What does Atlan crawl from Google Cloud Knowledge Catalog
Atlan crawls Aspect metadata, data quality results, and data profiling results from your Google Cloud Knowledge Catalog, and attaches them to the corresponding BigQuery assets in Atlan.
Aspects
Aspects are custom metadata schemas attached to assets in Knowledge Catalog. Atlan crawls Aspect details including fields, labels, and timestamps, and attaches them to the corresponding BigQuery assets.
Aspect field values are editable in Atlan. When reverse sync is enabled, changes made in Atlan are written back to Knowledge Catalog. Aspect Type schemas are read-only and can't be modified through Atlan. Aspects linked to assets can't be deleted on Atlan.

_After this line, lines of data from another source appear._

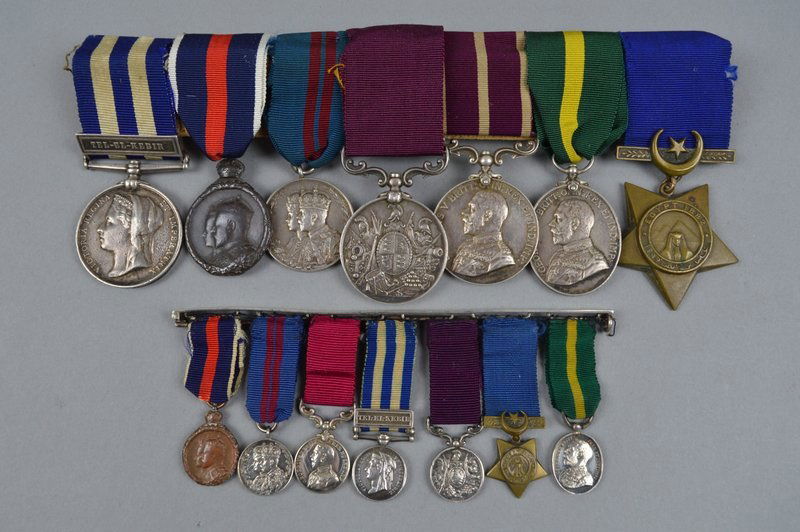 FEGAN, Daniel, Regimental Sergeant Major. Image of medals worn by RSM Fegan with a set of miniatures: the 1902 and 1911 Coronation medals; Egypt medal with ‘Tel-el-Kebir’ bar, Khedives Star; Army Long Service and Good Conduct medal; Army Meritorious Service Medal and the Territorial Force Efficiency medal (Reproduced courtesy of Richard Winterton Auctioneers Ltd, UK).
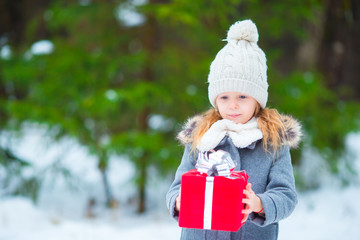 Adorable little girl with christmas box gift in winter day outdoors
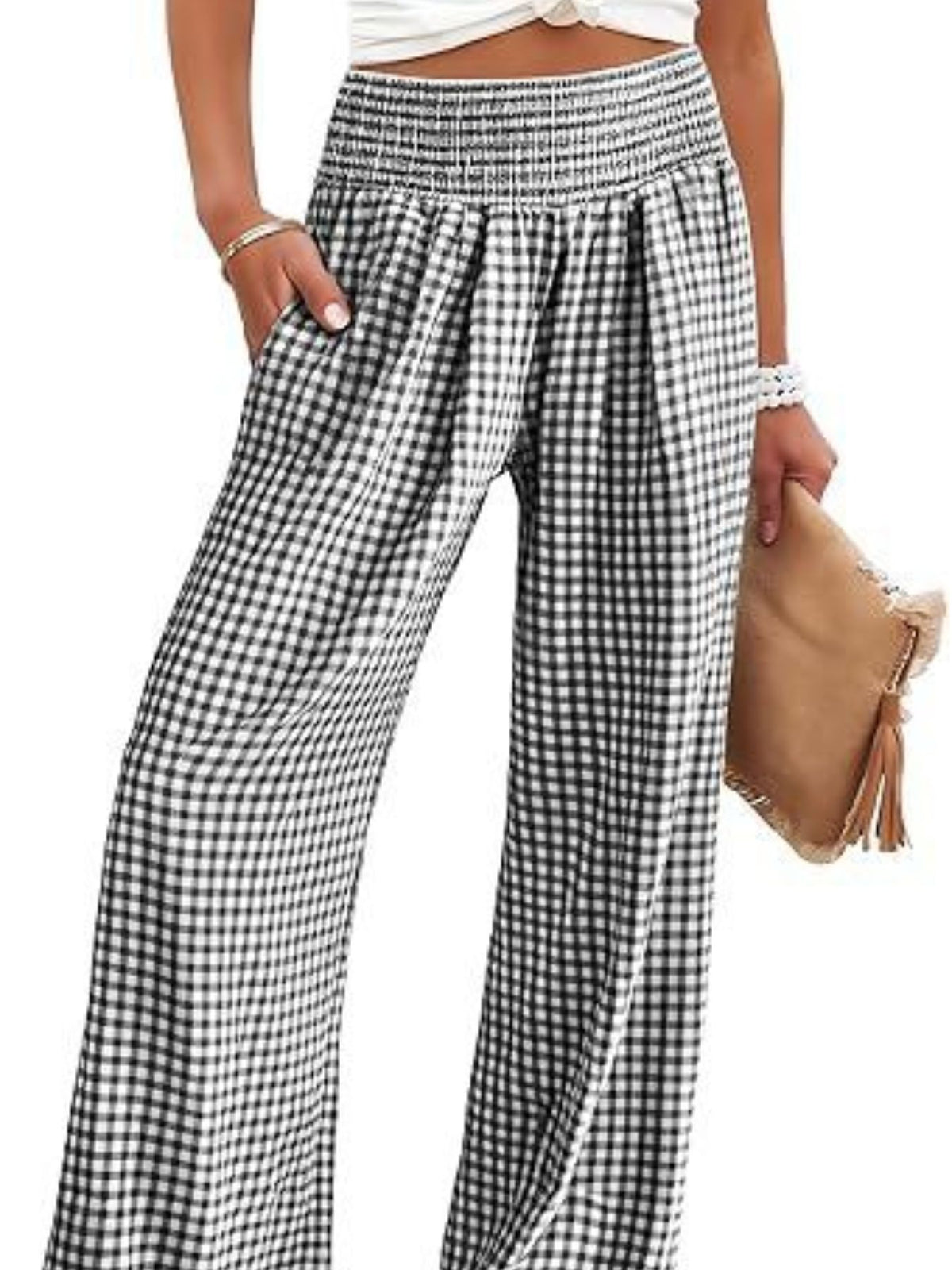 Smocked high-waist wide-leg pants in black and white gingham with pockets.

| Source field | Atlan field | Description |
|---|---|---|
| Aspect list | assetGCPDataplexAspectList | Array of Aspect names attached to the asset |
| Aspect field list | assetGCPDataplexAspectFieldList | Array of formatted Aspect field strings (format: aspectName|||fieldName|||fieldValue) |
| Aspect details | assetGCPDataplexAspectDetails | Per-Aspect details including full name, display name, Aspect Type, labels, timestamps, and field values |
Data quality
When Ingest Data Quality is enabled, Atlan crawls Data Quality scan results from Knowledge Catalog and attaches them to the corresponding BigQuery Tables and Columns. The most recent 7 run results are captured per scan.
| Source field | Atlan field | Description |
|---|---|---|
| DQ scan results | assetExternalDQMetadataDetails | Data Quality scan results including pass/fail status, rule outcomes, and row counts |
Data profiling
When Ingest Data Profiling is enabled, Atlan crawls Data Profiling scan results from Knowledge Catalog and attaches them to the corresponding BigQuery Column assets. The following attributes are populated on each Column asset based on the most recent DATA_PROFILE scan job for the parent table.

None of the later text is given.